The Character: Dean and Sam Winchester from Supernatural
What You'll Need: Grab your most badass bro and listen up! The best thing about embodying The CW's beloved hunters is that your wardrobe guidelines are pretty simple: Slip on some jeans, a dark colored t-shirt and maybe a jacket in case it gets cold out there chasing down demons. Most importantly you need to bring you’re A-game because a Winchester is always alert and armed with an amazing head of hair.
What to Bring: No matter what, roll up to the party in your Impala. If you don't have an Impala, shame on you. (All devoted Supernatural fans should have one, or at least a mini model that they proudly display on their desks.) So either rent one, borrow one, or steal one — we’re not judging, we just want you to have the most impressive Winchester costumes of all time.

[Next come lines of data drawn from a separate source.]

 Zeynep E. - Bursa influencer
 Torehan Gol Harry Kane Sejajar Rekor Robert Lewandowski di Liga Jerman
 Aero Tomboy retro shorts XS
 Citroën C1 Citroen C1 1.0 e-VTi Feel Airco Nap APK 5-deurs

What to Say: If you're bold enough to embody Dean, then make sure your voice is low and rough when you're talking about how much you love pie. As for Sam? Flip that gorgeous head of hair of yours and dance it out. Bonus Points: If you make adorably awkward faces the entire time.

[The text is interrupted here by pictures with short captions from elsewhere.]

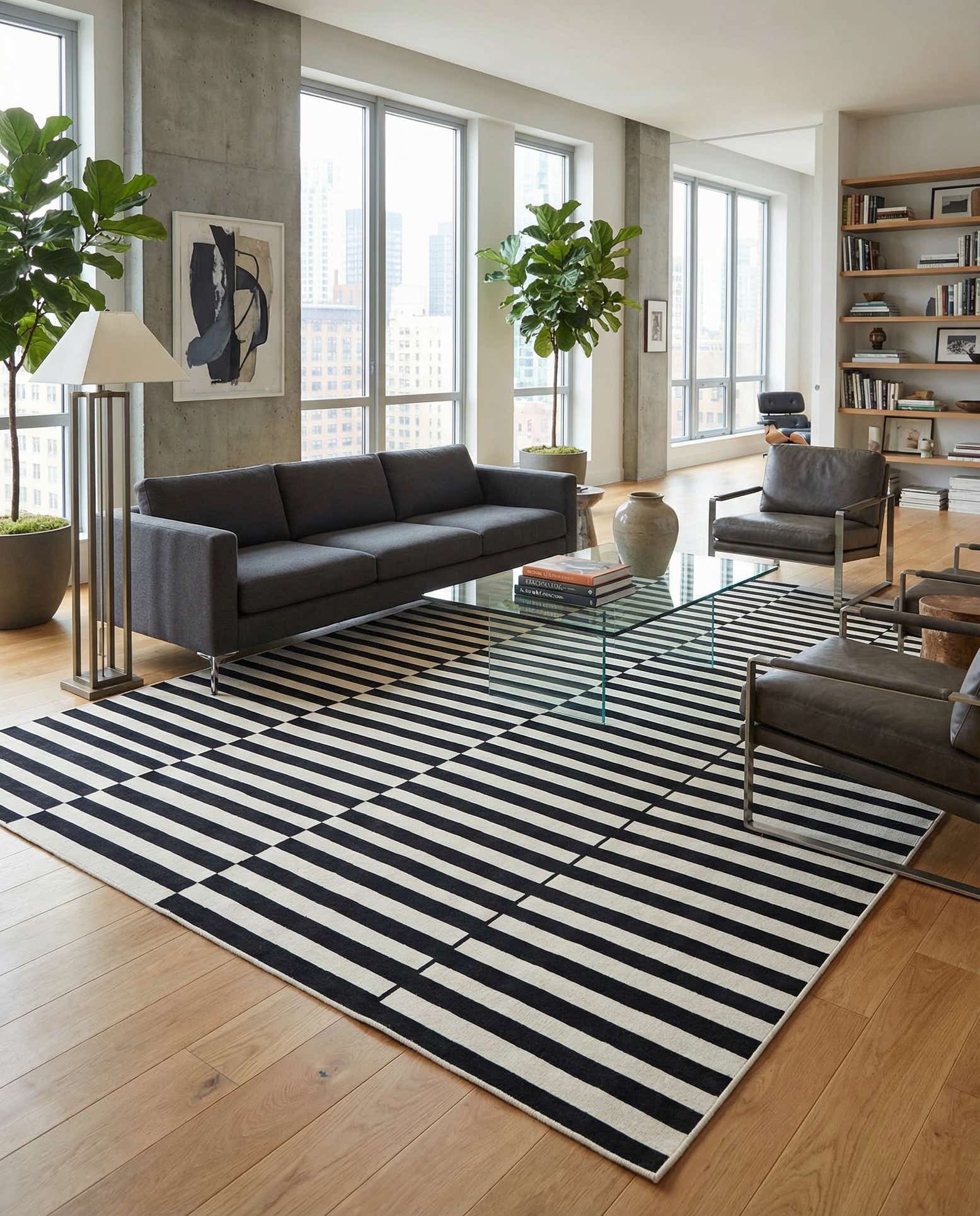 12' x 16' 1 Tribeca Rug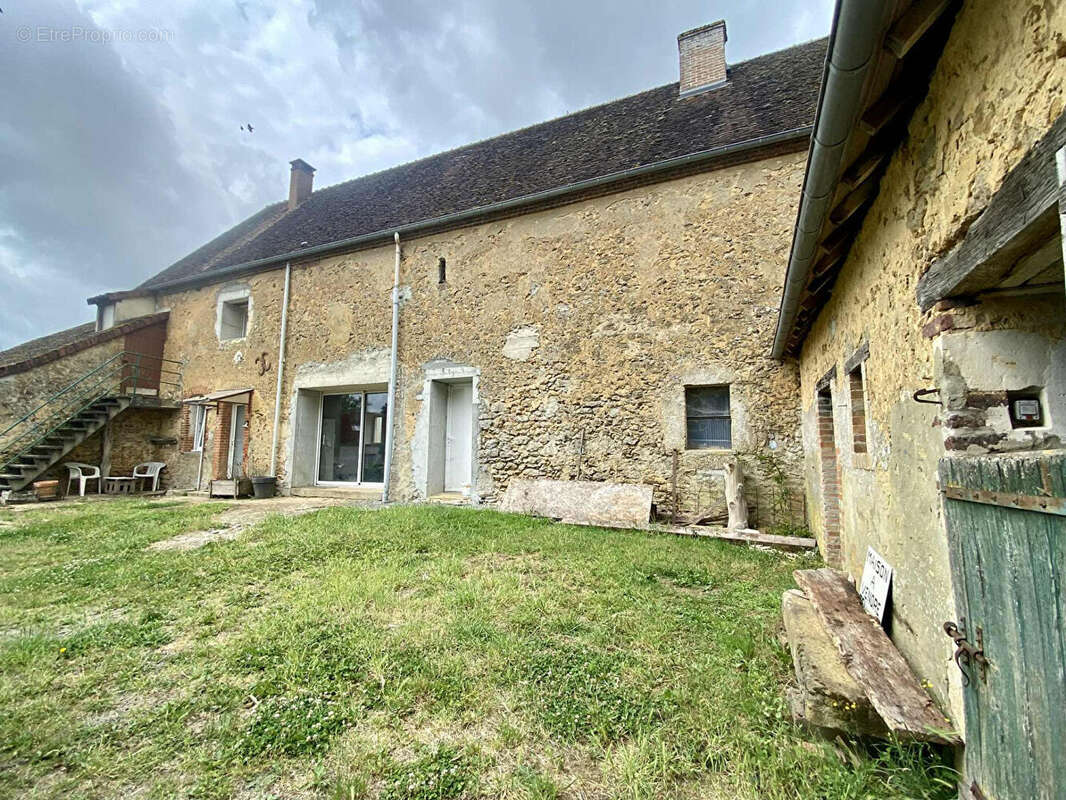 Maison à BOUER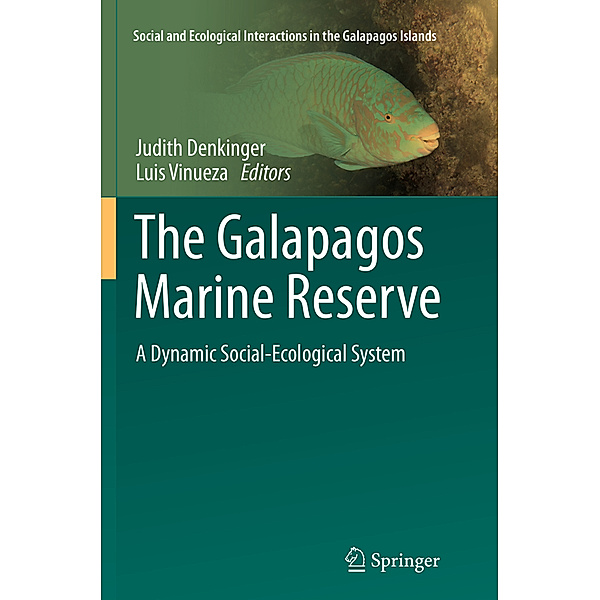 The Galapagos Marine Reserve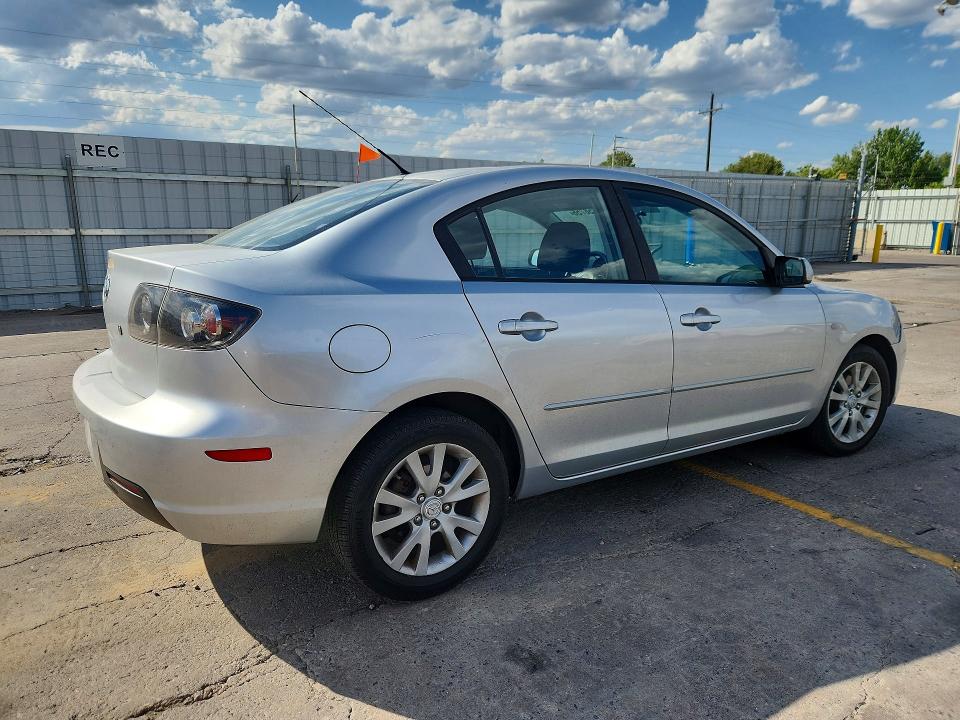 Aukcja sprzedaży 2008 Mazda 3, vin: JM1BK32G881877873, numer aukcji: 61758756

The Characters: Spencer, Aria, Hanna and Emily from Pretty Little Liars
What You'll Need: Three of your most insanely gorgeous friends, each with an impeccably unique fashion sense: Your Emily should be sporty and comfortable, your Spencer should be preppy and polished, your Hanna should be edgy and glam, and your Aria should be girlie and eclectic. Bonus Points: If you have another friend silently walk behind you in a black hoodie.

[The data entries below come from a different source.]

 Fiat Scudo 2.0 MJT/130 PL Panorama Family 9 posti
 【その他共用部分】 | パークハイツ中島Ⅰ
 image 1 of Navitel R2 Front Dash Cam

What to Bring: Definitely come armed to any party with cautious smiles and pepper spray. A psychotic stalker has been sending you death threats and making your life miserable — so get into character and don’t be afraid to look terrified.
What to Say: Speak quickly and hushed with your fellow PLL's — for all you know, "A" could be eavesdropping your conversation in that very moment. Just make sure that the Hanna of the group breaks the dramatic dialog with a joke every now and then.
The Character: Ron Swanson from Parks and Recreation
What You'll Need: There are absolutely no frills with this costume. Pick out the manliest thing in your closet — preferably a dark-colored collared shirt and khakis — and make sure your mustache is impeccably groomed.
What to Bring: All of the bacon and eggs you have — all of them — and then proceed to eat them in front of everyone without sharing a single bite. If your so-called "friends" have a problem with this, then they clearly should be shunned from your life, along with skimmed milk, vegetarians, and the government.
What to Say: Here are a few of our all-time favorite Ron Swanson sayings: "I'm not interested in caring about people." "Never half-ass two things. Whole-ass one thing." And "Any dog under fifty pounds is a cat and cats are useless." And if you can't remember any of those quotable gems, declare your love for breakfast foods, steak, fishing, and how much being far away from people makes you happy. Bonus Points: If you call people by the wrong name, so they know just how little you care about them.